Under the Malloy plan, the newly designated president of the board of regents could direct the twelve community colleges to align their programs so that two years of successful work in community college transfer programs would automatically mean students would enter the state’s four-year colleges as first semester juniors. This president could also instruct the four campuses of the Connecticut State University System to get on-board this program. UConn will also be a valuable partner here.
The state lacks a chief student advocate; under the years of Republican governors there was a laissez-faire attitude (or simple lack of interest) toward the community colleges. No one was looking at the big picture, and the various campuses became little fiefdoms, all thinking they were doing a stellar job in educating their students. But in fact students’ degree-completion and transfer needs often came second, after faculty and administration “druthers.” Faculty members’ desires to teach particular courses have often been privileged over students’ actual needs for those courses.

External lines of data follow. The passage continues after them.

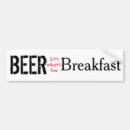 Search for booze bumper stickers Beer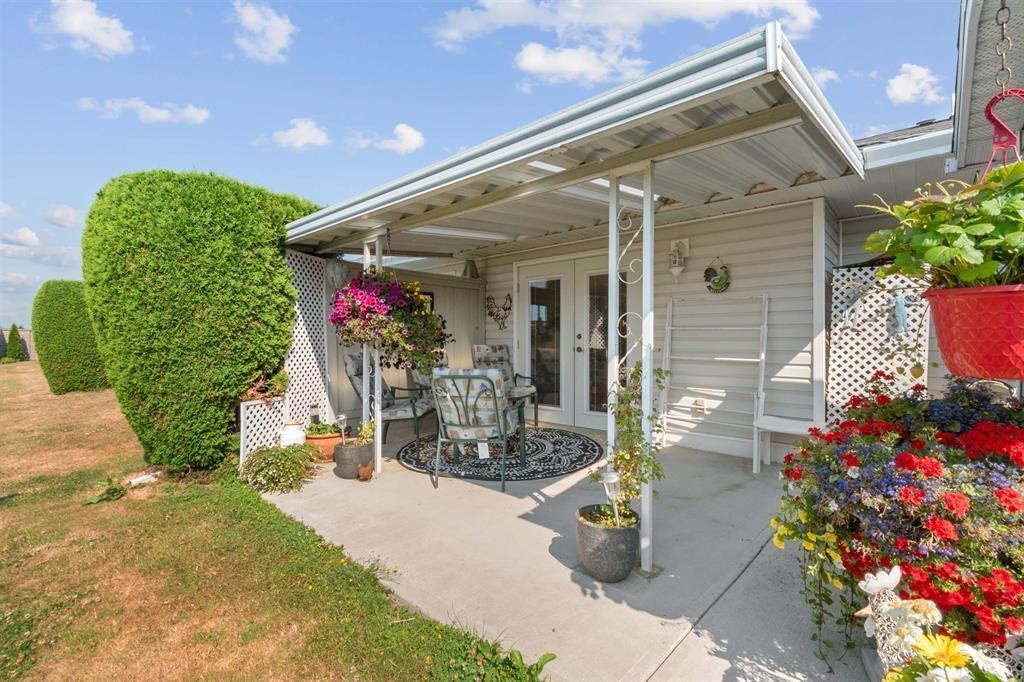 113 7610 Evans Road, Sardis West Vedder, Chilliwack, British Columbia  V2R 2X8 - Photo 17 - R3114578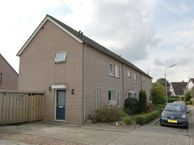 Watersnip 83, 5165 KN Waspik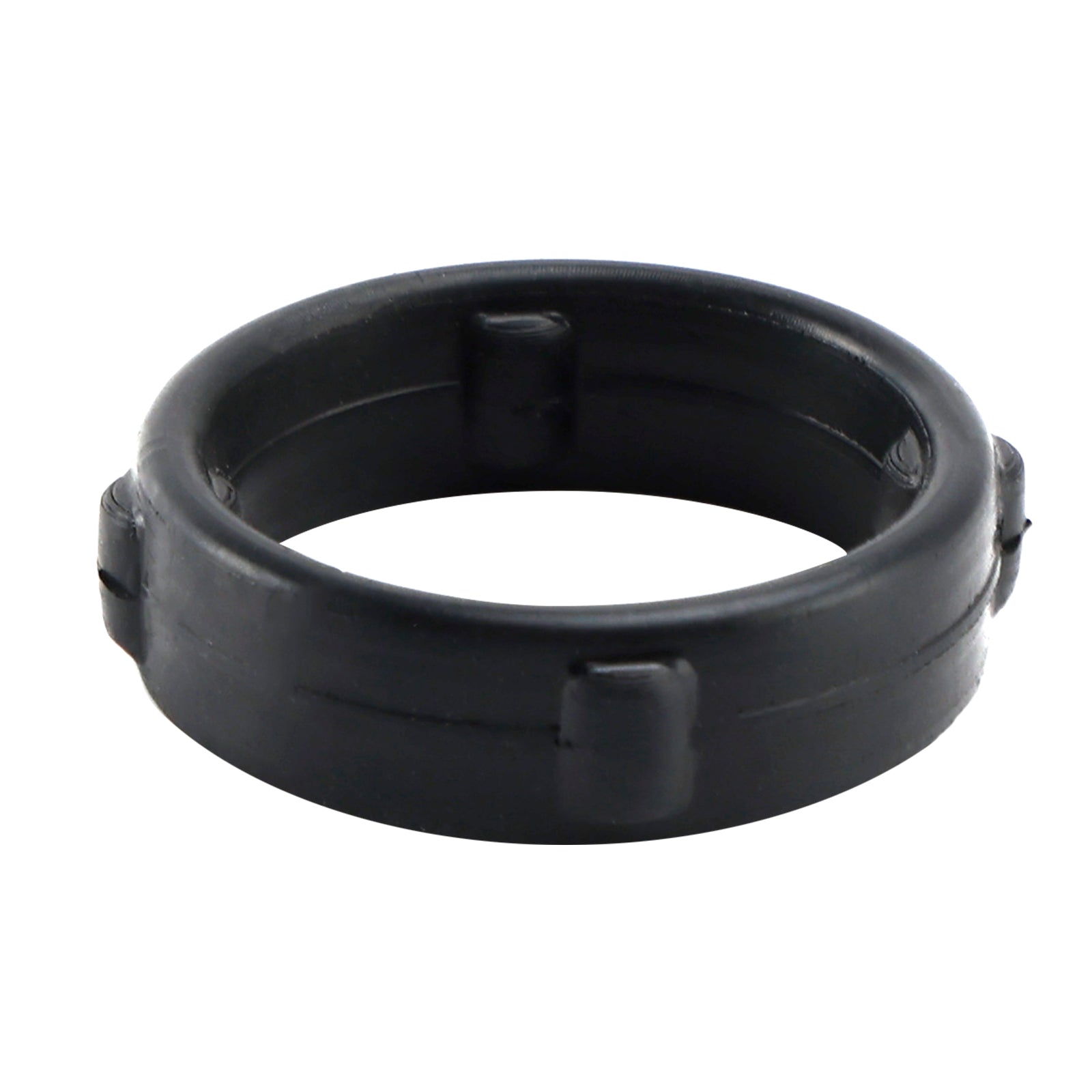 2x 12621086 Oil Pan Port Seals for GM LT1 LT4 L83 L86 L84 L87 L8T 2014+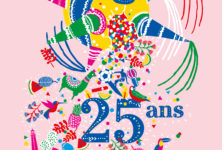 [Festival Biarritz Amérique latine]”Poesia sin fin” Jodorowsky enchante Biarritz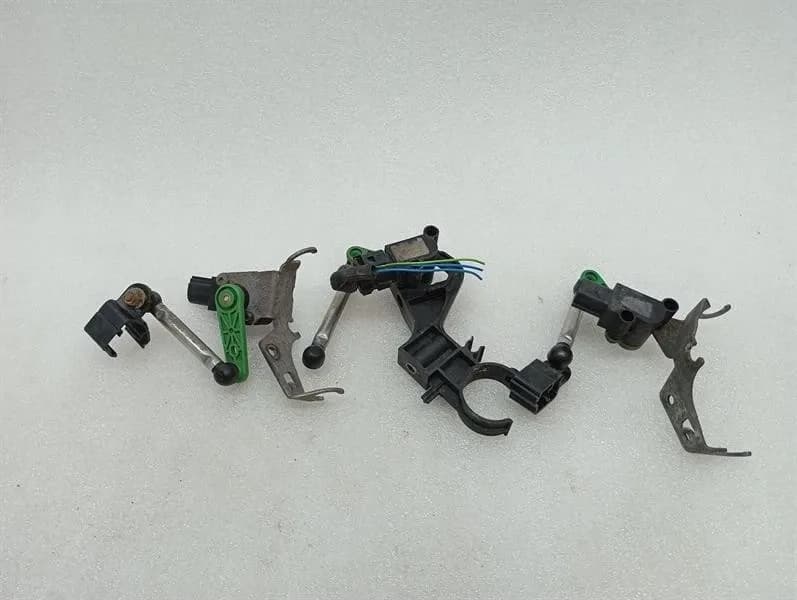 PORSCHE Porsche 911 991 Sensor 99163138100 Level Sensor Set-
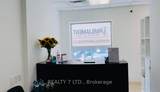403 Parliament Street - Photo 5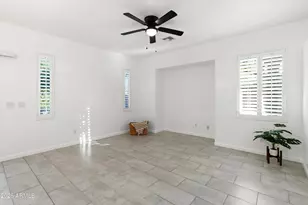 7527 S 13th Pl, Phoenix, AZ 85042 - Photo 5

Our community colleges still don’t focus on academic advising or transfer. Too often students are on their own when it comes to deciding which courses they need in order to transfer. This is not fair to the students who are among our least affluent and who are first-generation college enrollees in many cases. When students find that community college work doesn’t fulfill requirements at the four year institutions, they become disheartened and disillusioned, and they tend to fail to complete a degree–or they just plain can’t afford to do so, having already wasted time and money. (This of course is also a waste of state money, in that most students receive financial aid and the public colleges are supported by our tax dollars.)

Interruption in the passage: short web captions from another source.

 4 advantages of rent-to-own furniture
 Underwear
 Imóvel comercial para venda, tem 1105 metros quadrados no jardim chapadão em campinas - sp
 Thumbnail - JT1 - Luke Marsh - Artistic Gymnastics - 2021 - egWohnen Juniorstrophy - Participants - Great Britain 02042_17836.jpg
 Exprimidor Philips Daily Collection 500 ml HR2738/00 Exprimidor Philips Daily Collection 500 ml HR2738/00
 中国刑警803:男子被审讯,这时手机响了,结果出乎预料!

Gov. Malloy is to be lauded for creating a stronger and less-layered Board of Regents headed by a president. National research underscores the fact that these conflicts of interest and turf-wars can only really be resolved at the state level. Scholar Vanessa Smith Morest in Defending the Community College Equity Agenda says, “Analysts and college advocates have argued that opening transfer for community college students is increasingly important as the relative economic value of the bachelor degree has risen. Moreover, this will become that much more urgent if states expand their dependence on community colleges for lower-division education as a strategy to reduce the cost of higher education. … Although colleges can work to prepare their students for transfer, transfer policies must be developed at the state level. Even the best-prepared, transfer-ready students will not be able to transfer if local four year colleges do not accept their transfer credits.” (Bailey and Morest. Johns Hopkins University Press, 2006. pp260-261.)
Some may argue that transfer agreements already exist between the community colleges and the public universities in Connecticut. This is true only for a few very specialized programs (such as engineering and some business pathways) that serve minuscule numbers of students. And yes, we have the “Compact” and “GAP-UConn,” but both these programs include too much red tape and complication; again, they serve very few students.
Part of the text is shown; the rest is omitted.